Na prática observamos muita gente com dificuldade de identificar e diferenciar as sensações corporais. Algumas pessoas podem confundir fome com vontade de comer, ingerir comida demais e se sentir muito cheia ou até mesmo comer e nunca se sentir satisfeita. Podem comer demais quando estão ansiosas ou de menos quando estão tristes e viver com uma sensação de estranhamento em relação a alimentação.
Por que algumas pessoas enfrentam essas dificuldades e como a Psicologia explica essa distorção:
Falta de consciência corporal
A dificuldade de compreender os sinais corporais faz com que as pessoas não consigam dar ao corpo o que ele realmente precisa e isso gera uma sensação de insatisfação muito grande. Por isso é tão importante aprender a ouvir o próprio corpo.
Esse aprendizado pode acontecer de diversas formas. Algumas pessoas são mais sensoriais do que outras e já nascem com mais facilidade para observar o mundo e a si mesmas. Outras pessoas podem aprender a usar sua função sensorial ao longo da vida, através de atividades que exijam atenção ao corpo (como esportes, danças) ou através do contato com adultos que estimulam esse olhar e que ajudam a criança a observar e dar nome para suas sensações.
A grande maioria das emoções desperta em nós sensações corporais em regiões como rosto, maxilar, pescoço e tórax e por isso podem ser facilmente confundidas com a fome e com a vontade de mastigar e engolir.
É por isso que precisamos criar um espaço na nossa vida para ouvir os sinais do nosso corpo, buscando compreender do que realmente ele precisa.
Memórias
Fome e satisfação são duas sensações muito instintivas e que nos acompanham desde o primeiro dia de vida.
Quando nascemos uma das primeiras sensações de desconforto que experimentamos é a da fome, já que dentro do útero éramos alimentados constantemente através do cordão umbilical e a sensação de fome não existia.
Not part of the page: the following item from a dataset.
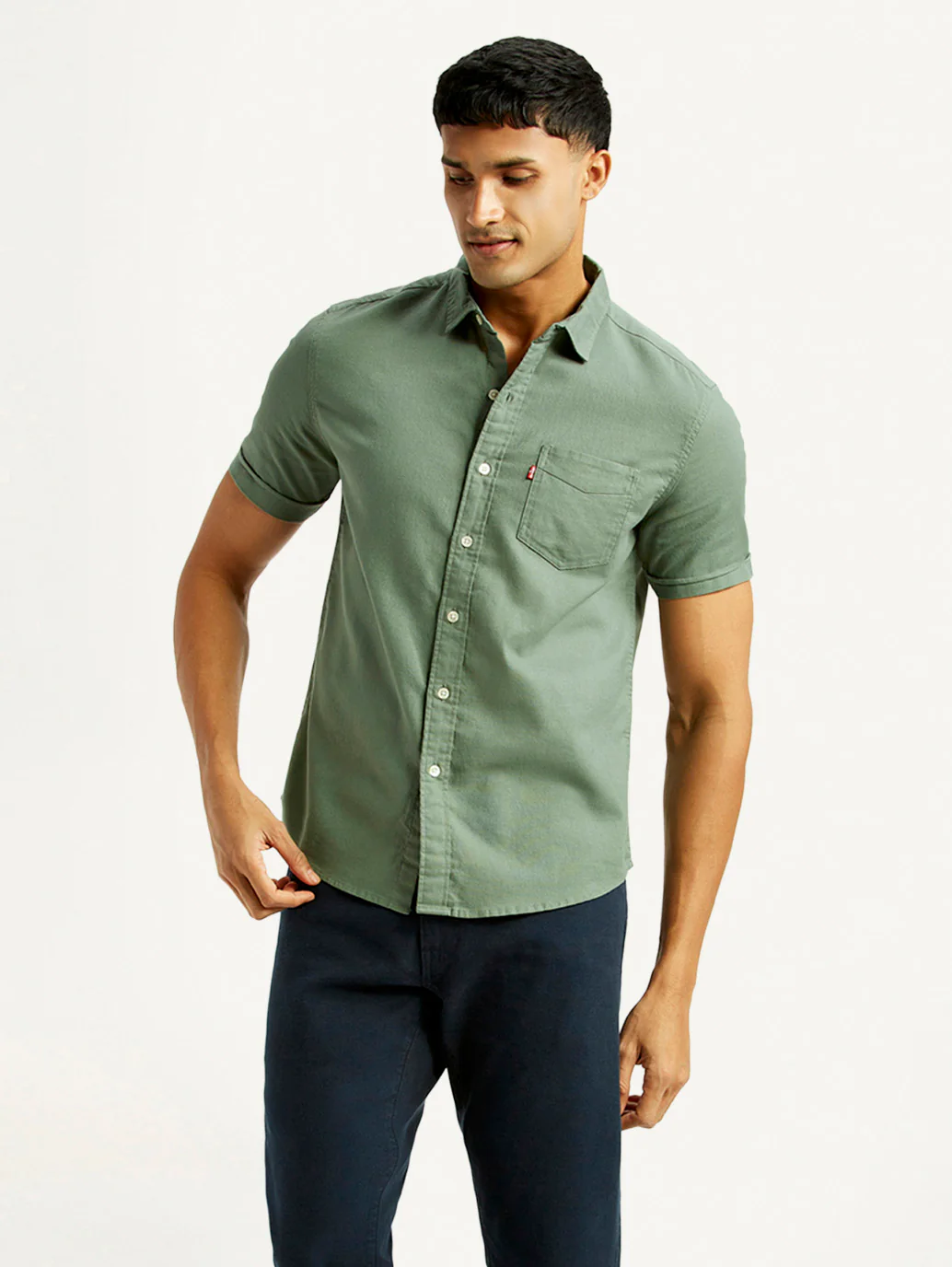 Men's Solid Slim Fit Oxford Shirt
Junto com a fome o bebê que acabou de nascer sente frio, desconforto com a luz e desamparo pois deixou de estar contido pelo pequeno espaço do útero.
Quando o bebê é alimentado ele experimenta uma sensação de alívio e conforto, não só porque sua fome está sendo saciada mas também porque a amamentação traz o prazer do contato com o corpo da mãe, do acolhimento, dos limites que amparam e do carinho.
Tudo isso acontece bem no início das nossas vidas e por isso resultam em memórias tão fortes. Mesmo que a gente não perceba é muito comum associarmos sentimentos negativos com fome e sentimentos positivos com estômago cheio e por isso seguiremos nossa vida evitando qualquer sentimento de falta e buscando situações que nos trazem um sentimento de plenitude.
Traumas
Encontramos pessoas que passaram por faltas reais em suas vidas. A falta de comida, de dinheiro, de carinho e de atenção podem criar uma ferida psicológica fazendo com que a pessoa se sinta muito angustiada e reaja defensivamente a qualquer situação onde sente que não vai ter algo que precisa. Para essas pessoas a sensação de fome pode ser insuportável e a defesa aparece através do uso da comida para se manter constantemente cheio e satisfeito.
Por isso é tão importante aprender a se observar e se questionar tentando sempre dar nome para as sensações corporais. Entender que nossa forma de se alimentar está relacionada com memórias e aprendizados do passado ajuda no processo de estabelecer novas conexões mentais. Compreender que o vazio e a sensação de plenitude nem sempre estão relacionadas com a comida nos faz ampliar a consciência sobre quem somos e do que realmente precisamos para ser feliz.